Dyslexia Misconceptions

14 Jan

Dyslexia Misconceptions
Many misconceptions concerning the definition of dyslexia exist. In order to delve into the social construction and the biological origins of dyslexia, it is imperative that these misconceptions be replaced with accurate facts. The most common misconception concerning dyslexia is that it can be diagnosed when a student writes letters or words backwards (Shaywitz, 2003). Teachers and parents become overly concerned when they see evidence of these reversals in the writing samples of children. Badian (2005) reports that reversal errors are likely to disappear in children with reading disabilities as their reading and writing skills improve. The observation of reversals is not unique to the reading and writing of struggling readers. During the developmental process of acquiring literacy, most children engage in some level of word and letter reversals before the age of eight. Shaywitz (2003) asserts that there is no evidence that dyslexics actually see letters and words backwards. The core of dyslexia is not visual perception. The basis of dyslexia is a problem with processing language at the phoneme level. Kutz (1997) explains that phonemes are the representation of sounds that are meaningful within a language. These sounds allow individuals to distinguish one word from another. Thus, the deficiency in the dyslexic is the inability to distinguish the phonemic difference between /big/ and /pig/ rather than the ability to distinguish the graphic differences of the letters. Shaywitz (2003) expresses concern that many children will not be correctly diagnosed because they do not make the stereotypical reversals.

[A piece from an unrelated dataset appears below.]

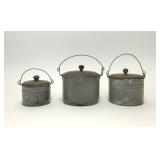 3 VTG GRAY GRANITEWARE ENAMELWARE BERRY BUCKETS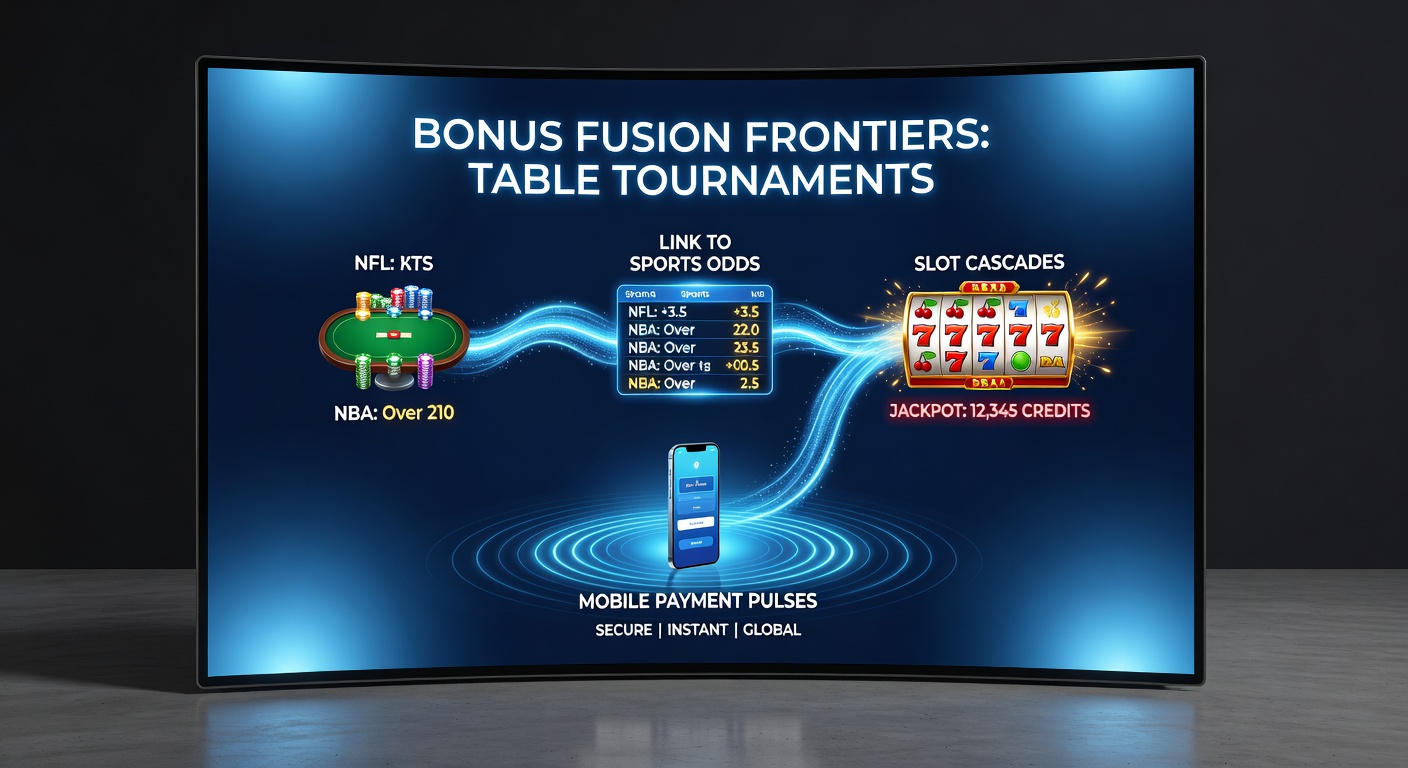 Dynamic graphic showing table tournament chips cascading into sports odds boards and slot reels, linked by glowing mobile payment icons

The assumption that dyslexia is the result of a visual processing deficit leads to a second common misconception. The use of colored text overlays or lenses is purported to be the quick fix for reading disabilities. Stone and Harris (1991) review evidence for the existence of scotopic sensitivity syndrome (SSS). SSS allegedly is manifested as a visual disturbance related to light. Treatment for SSS includes the wearing of colored glasses or the use of colored plastic sheet overlays. Stone and Harris assert that the diagnosis of this condition is extremely subjective and raises questions of accuracy and reliability of previous studies.
Early studies indicate that dyslexia affects more boys than girls. Gaud and Carlson (1997) propose that the girls who are referred to clinics are those most severely affected. They trigger the referral process as a result of the “squeaking wheel” phenomenon by displaying co-occurring overt behavioral patterns of inattention. Szatmari’s (1992) population studies found a ratio of identification of one girl for every three male diagnoses. Shaywitz (2003) gives evidence that as many girls are affected by dyslexia as are boys. She suggests that the reason that the over-identification of boys occurs is the manifestation of gender specific behavior. The occurrence of hyperactive and impulsive behavior by dyslexic boys is reported at a higher rate than that exhibited by dyslexic girls. The result is a disproportional referral rate. This argument presupposes a gender difference in the activity level of boys and girls. When girls display behaviors that mirror that of aggressive male behavior, it triggers the referral process and the subsequent diagnosis of a reading disability.